3- La norme internationale ISO 26000 définit la Responsabilité Sociale des Entreprises comme la : « maîtrise par une organisation des impacts de ses décisions et activités sur la société et sur l'environnement, se traduisant par un comportement éthique et transparent qui contribue au développement durable, y compris à la santé et au bien-être de la société, prend en compte les attentes des parties prenantes, respecte les lois en vigueur tout en étant cohérente avec les normes internationale de comportement, et qui est intégré dans l'ensemble de l'organisation et mis en œuvre dans ses relations ».

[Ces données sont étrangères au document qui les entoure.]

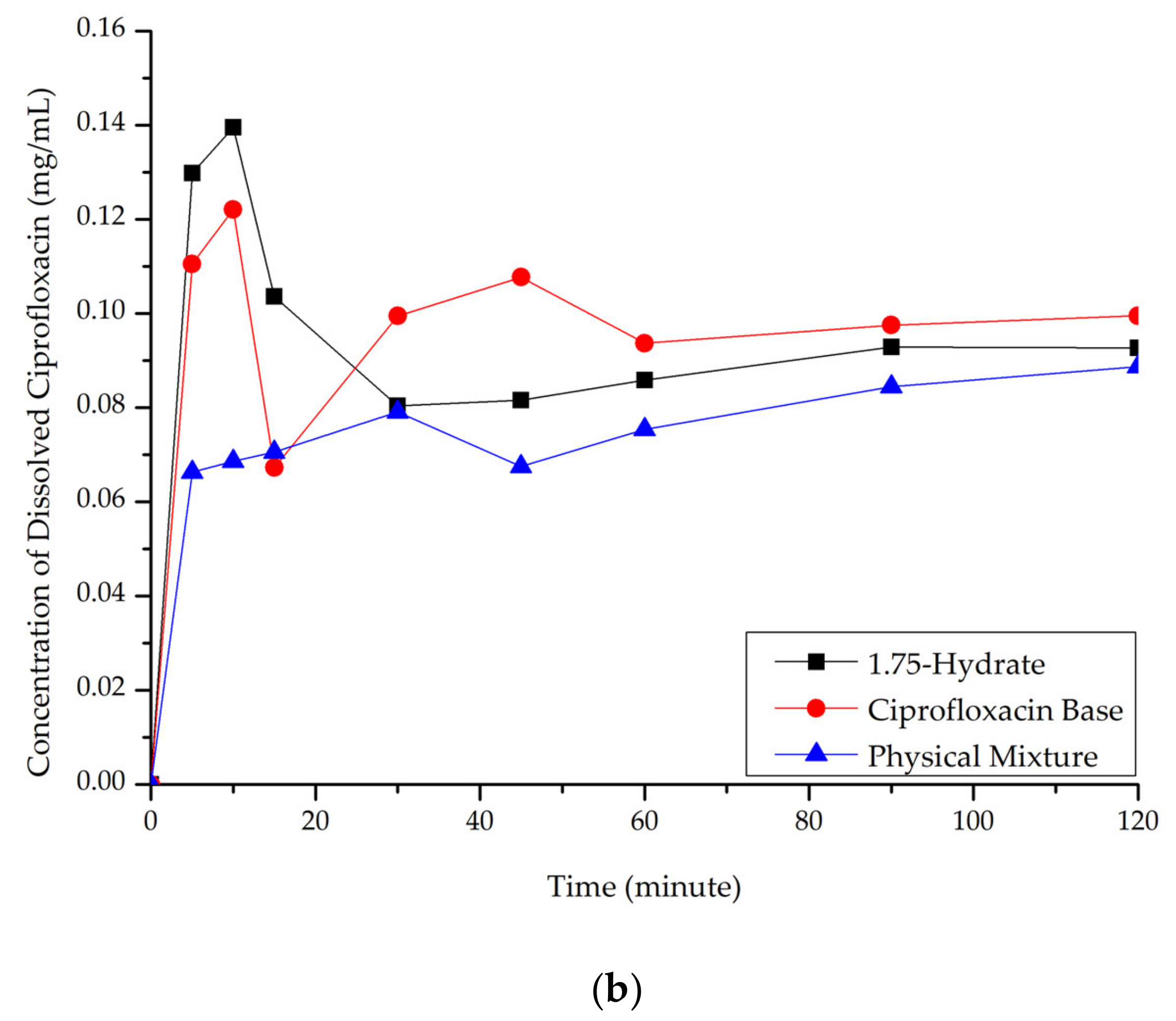 Crystals 10 00349 g010b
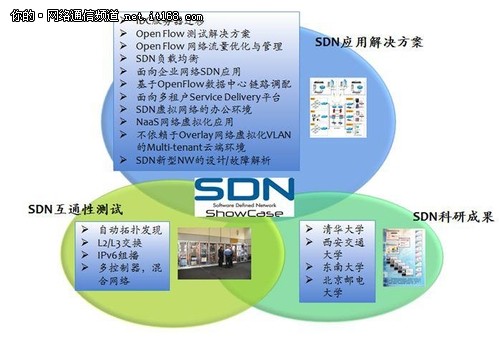 全球SDN Demo海报征集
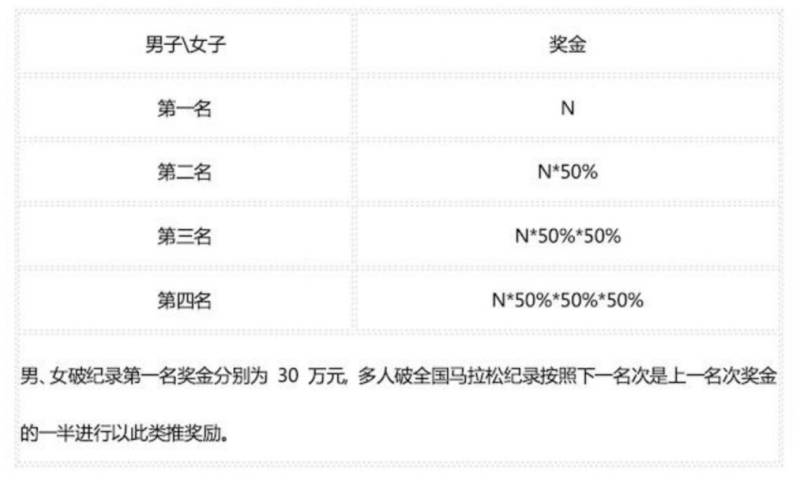 2025江油马拉松名次录取及奖励办法（5）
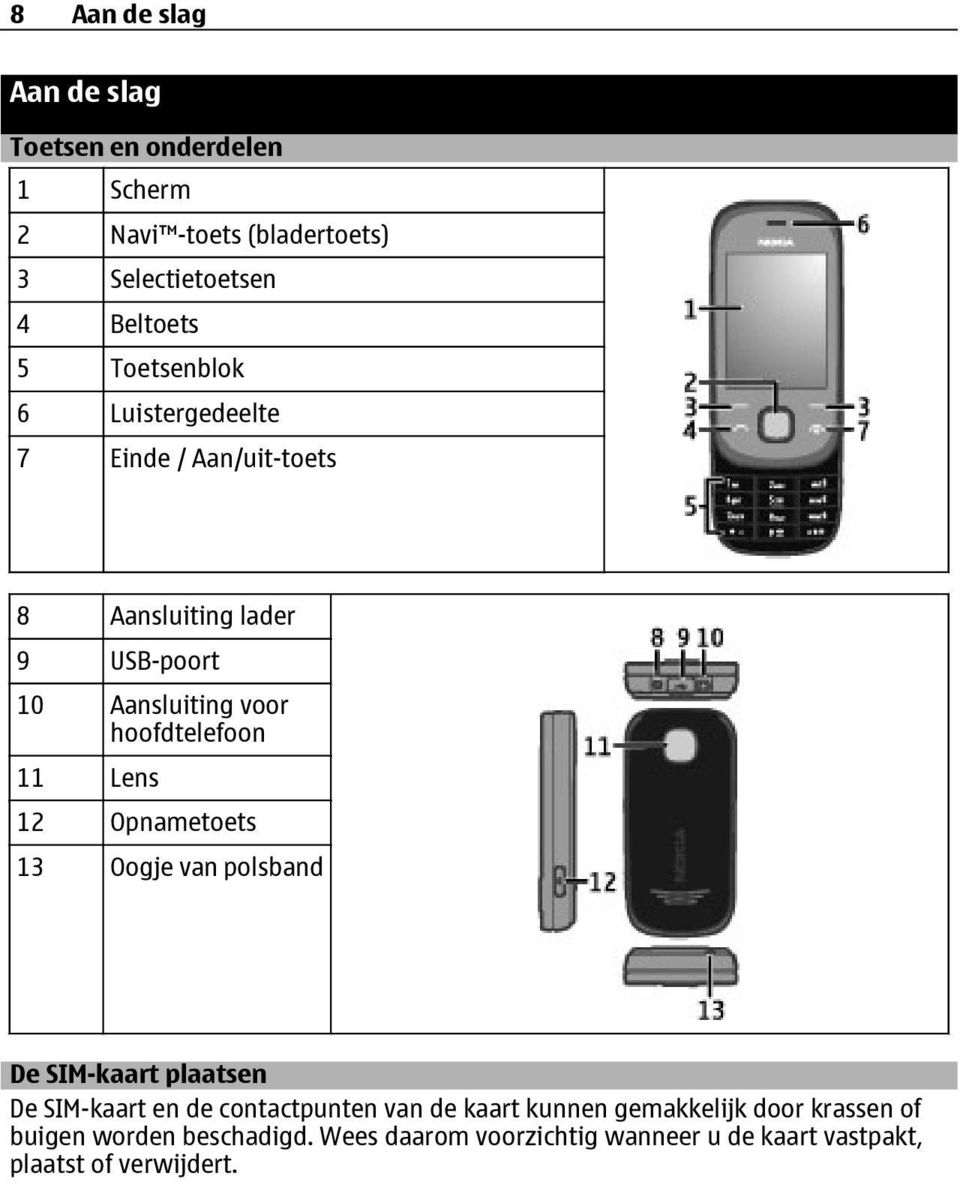 11 Lens 12 Opnametoets 13 Oogje van polsband De SIM-kaart plaatsen De SIM-kaart en de contactpunten van de kaart kunnen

La RSE ne peut être dissociée des codes de bonne conduite qui en sont les avatars. Ces codes de conduite des entreprises s'inscrivent dans le cadre des codes de conduites internationaux développées par des organisations internationales à l’instar des principes directeurs de l'OCDE à l'intention des entreprises multinationales et des principes pour l'investissement responsable. Ces codes de bonne conduite visent à guider la gouvernance des entreprises. Bien qu'elles puissent avoir plusieurs incarnations[4], leur finalité est identique : présenter les principes et valeurs de l'entreprise (ses buts monumentaux), des règles particulières à respecter et le dispositif d'alerte professionnelle


4- L’article 116 de la loi relative aux nouvelles régulations économiques créant l'article L225-102-1 du Code de Commerce NRE oblige les sociétés à publier au sein de leur rapport de gestion annuel des informations sur les conséquences sociales, environnementales de de leurs activités. Aux termes des dispositions de la loi du 22 juillet 2015 concernant la transition écologique, les entreprises ont une obligation de communication d’informations sur l’environnement, la pollution, la gestion des déchets, consommation d'énergie et conséquences sur le changement climatique des activités, engagements entreprise en faveur du développement durable.


[1] plus de 500 salariés avec un chiffre d'affaires net supérieur à 150 millions d'euros à l'échelle mondiale
[2] Le risque de non-conformité est une violation future du droit
[3] Forces, faiblesses, Opportunités et risque
[4] Les codes de conduite peuvent avoir plusieurs dénominations :codes de principes de l'entreprise, charte éthique, charte performance et responsabilité, principes de conduite, code de conduite des affaires, etc.